Le contraste est donc absolu entre les deux scènes et Renaud n’a plus aucun mérite à rester de marbre face aux avances d’Armide : qui rêve d’embrasser Méduse ? Pourtant, il faut reconnaître que l’Armide de Rossi laisse transparaître l’âme sensible qui l’habite. C’est au cours de la scène 8 à l’acte II que le trouble fait vaciller son projet implacable : aimer ou tuer, détruire ou gracier ? Le récitatif et l’air « Ah ! Crudel ! il pianto mio » avec son largo et une véhémente partie B qui sourd sous la résignation du da capo insinuent le doute à l’oreille.
L’ambiguïté essentielle de l’Armide du Tasse est ainsi préservée.

Rossi, malgré les libertés qu’il prend, est l’un des rares librettistes à conclure sur sa conversion, (qui entraîne par effet de mimétisme celle d’Argant). Il se montre sur ce point fidèle à l’épopée et fait d’elle la seule magicienne de Haendel à connaître un sort clément. Mais, si elle est épargnée c’est au prix du renoncement à la magie, après avoir brisé sa baguette et éteint son « infernale flamme dans les eaux saintes », au moment où elle ne représenter d’ailleurs plus un véritable danger pour Renaud sur le point de se marier avec son Almirène.
Conclure sur cette double conversion ne doit pas laisser penser que l’œuvre baigne dans un climat chrétien permanent. Loin s’en faut. D’ailleurs les Croisés eux-mêmes n’invoquent pas les milices célestes mais prennent plutôt à partie Jupiter et l’Olympe. Renaud se laisse gagner par un soupçon : Pluton n’aurait-il pas enlevé Almirène en la confondant avec Proserpine tant elle est belle ? (I-8)
Dans ce contexte précis, on peut y voir avec Jean-Louis Martinoty « de légers coups de griffe » au catholicisme identifié lui-même comme une mythologie en pays protestant. Rinaldo, le champion du camp occidental, est loin de se montrer un chrétien irréprochable. Au moment du désespoir, après le rapt d’Almirène, se tourne-t-il vers Dieu pour implorer son secours ? Non, il préfère suivre les conseils d’Eustache et partir à la rencontre d’un homme « qui lit les cours des étoiles et sait / les vertus des pierres et des plantes » (c’est le Mage d’Ascalon du chant XIV de la Jérusalem même si le livret de Giacomo Rossi ne le précise pas)

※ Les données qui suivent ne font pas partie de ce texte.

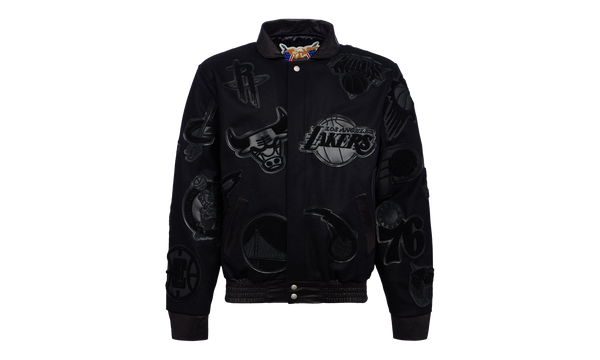 NBA COLLAGE WOOL & LEATHER JACKET Black/Black "COLLAGE WOOL BLK"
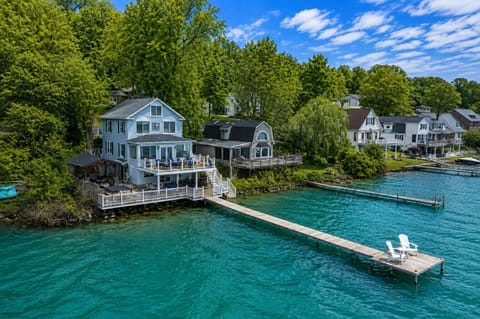 Waterfront exterior with long private dock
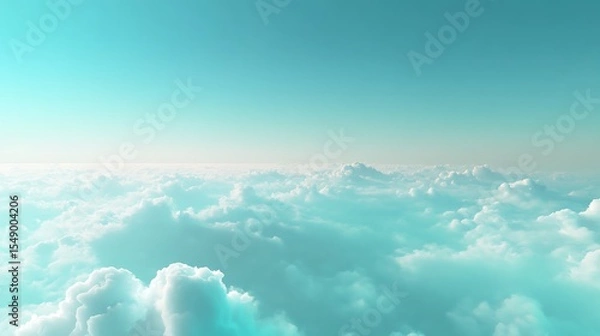 Fototapeta Aerial view of soft pastel turquoise clouds and sky background, fluffy and dreamy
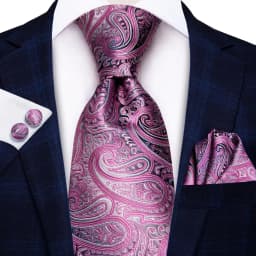 Pink Black Paisley 2023 New Elegant Men's Ties Hanky Cufflinks Silk Neckties For Men Wedding Party Business Fashion Brand Hi-Tie
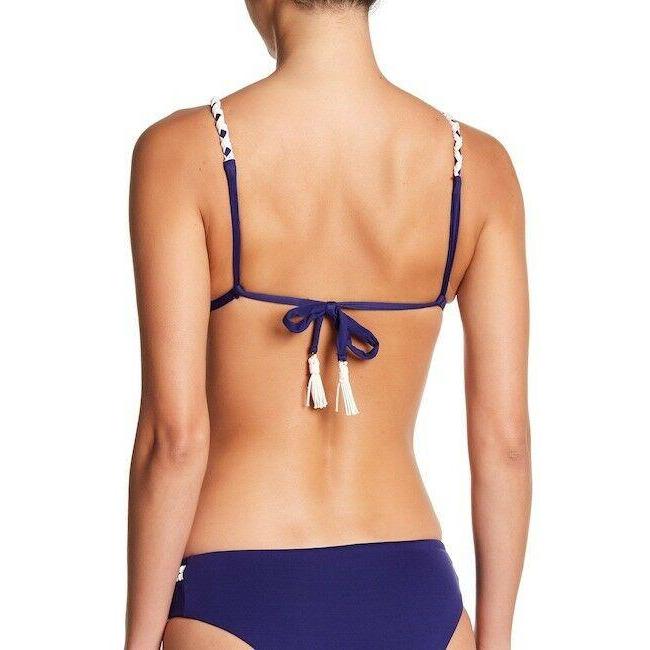 ISABELLA ROSE M low tide bikini swimsuit 2 PC macrame crochet blue-Swimwear-Isabella Rose-Jenifers Designer Closet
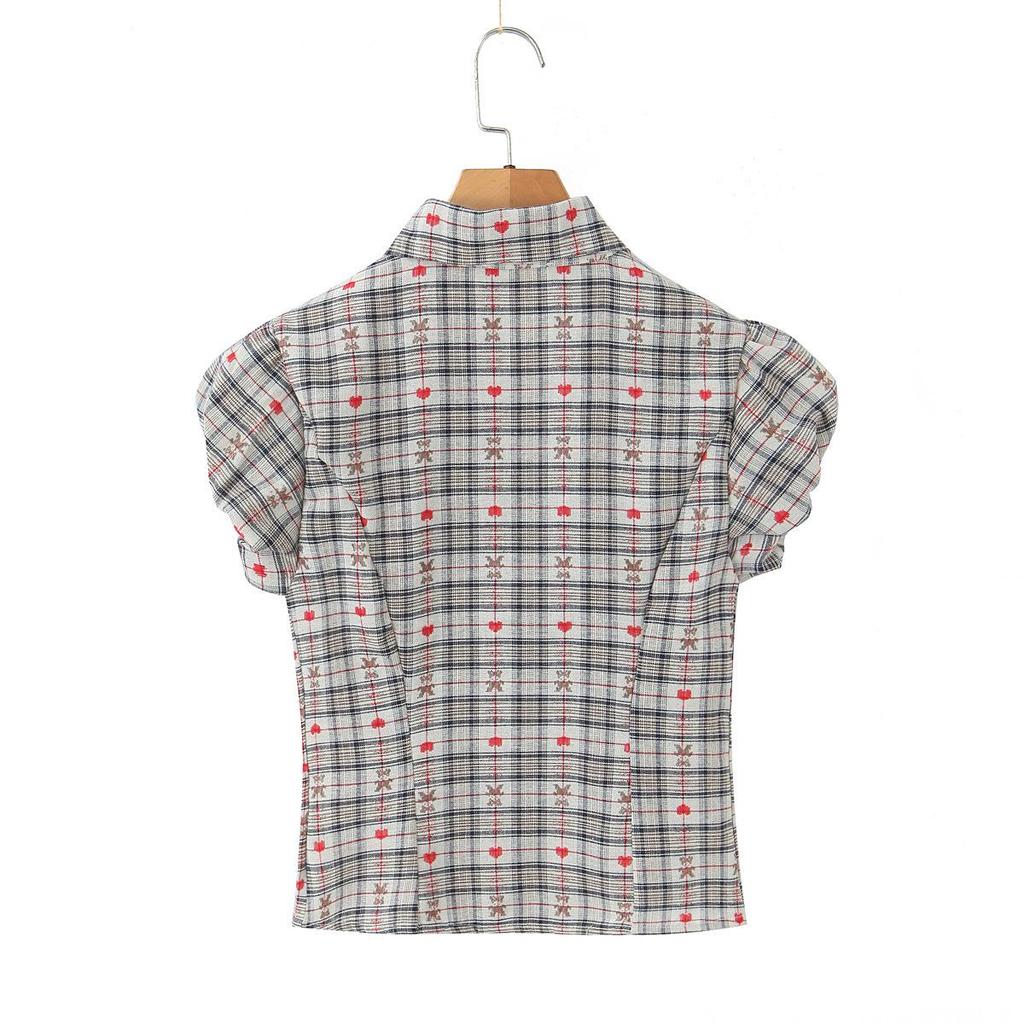 2026 Spring Women's Retro Puff Sleeve Waist-Cinched Shirt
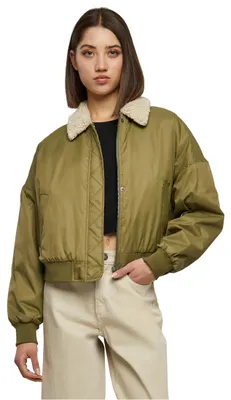 Productafbeelding van Urban Classics damesjas, model Pilot Bomber, kleur tiniolive/sand, maat 4XL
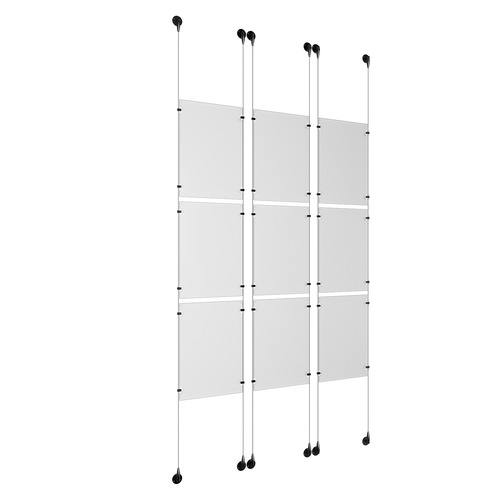 (9) 11'' Width x 17'' Height Clear Acrylic Frame & (6) Aluminum Matte Black Adjustable Angle Signature Cable Systems with (36) Single-Sided Panel Grippers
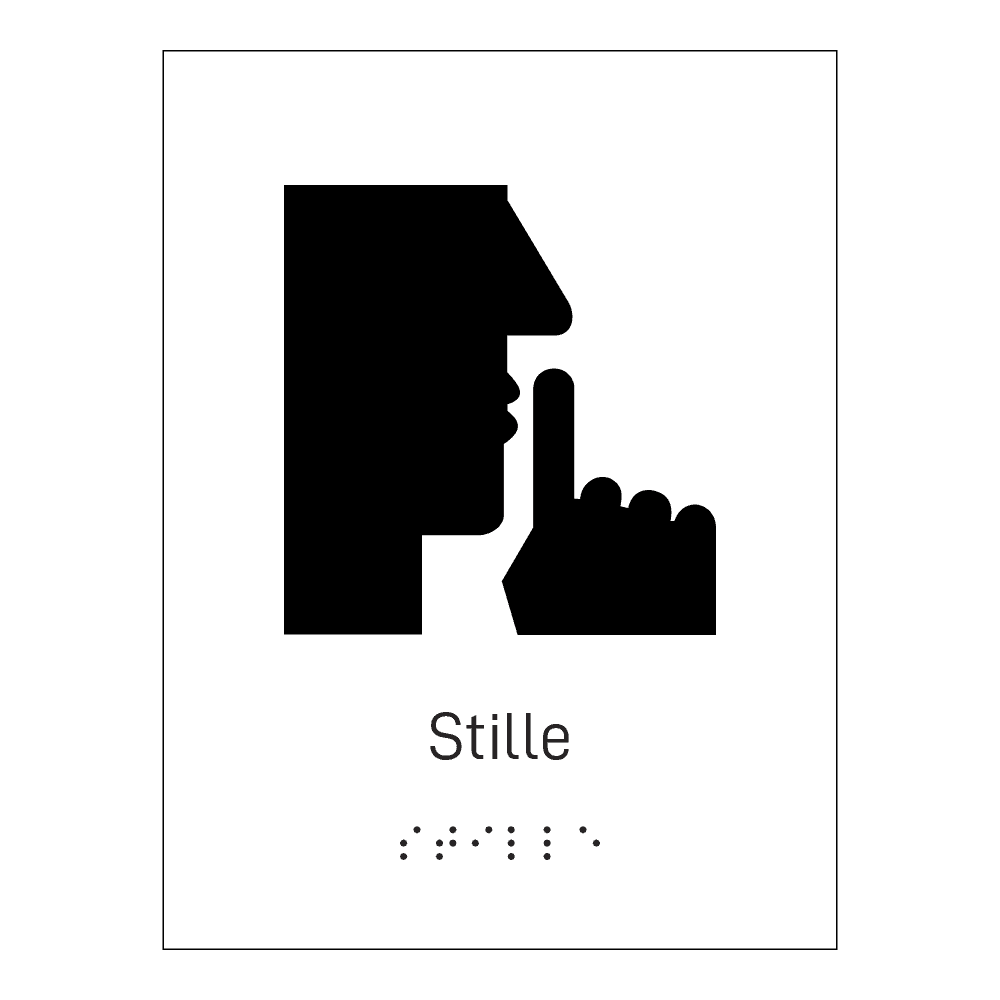 Informasjonsskilt: "Stille" m/ taktilt trykk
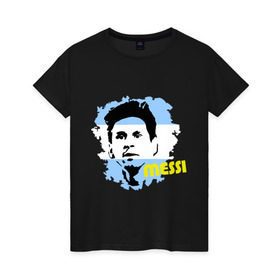 Женская футболка хлопок с принтом Месси (Messi) в Новосибирске, 100% хлопок | прямой крой, круглый вырез горловины, длина до линии бедер, слегка спущенное плечо | argentina | football | lionel | messi | аргентина | футбол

Il suffit de se référer à la critique d’Addison pour percevoir combien ce concept de mage chrétien a pu choquer :
« Il n’est pas étonnant que ces scènes soient surprenantes, car elles sont l’œuvre de deux poètes de deux nations différentes, et que les magiciens qui les animent appartiennent à deux sexes différents. Armide (nous dit-on dans le livret) est une amazone spécialiste d’enchantements, et ce pauvre signor Cassani (nous apprend-il dans son rôle) est un sorcier chrétien (Mago Christiano). Je dois avouer mon embarras, ne sachant pas comment une amazone a pu apprendre les mystères de la science noire, ni comment un bon chrétien, car tel est le rôle du magicien, a des rapports avec le diable ».
Dans cette perspective les deux baptêmes peuvent être regardés comme un acte politique assurant aux nouveaux convertis un règne conjoint selon la promesse d’Armide : « Vien sposo al mio trono » (III-13) Il faut y voir une nouvelle pique contre l’opportunisme des papistes. De plus cette conclusion revêt plus une dimension morale que religieuse puisqu’elle ne comporte aucune allusion à la victoire de la chrétienté sur le paganisme
Si Hill et Rossi ont commis des contresens par rapport à l’épopée, ils ont aussi su retrouver un peu de la sensibilité du Tasse : l’esprit chevaleresque, l’intrusion de forces infernales au sein de paysages d’aspect idyllique, le conflit entre la nature et le surnaturel, le recours généralisé à la métaphore et aux oxymores, l’absence d’unité apparente, la force des sentiments.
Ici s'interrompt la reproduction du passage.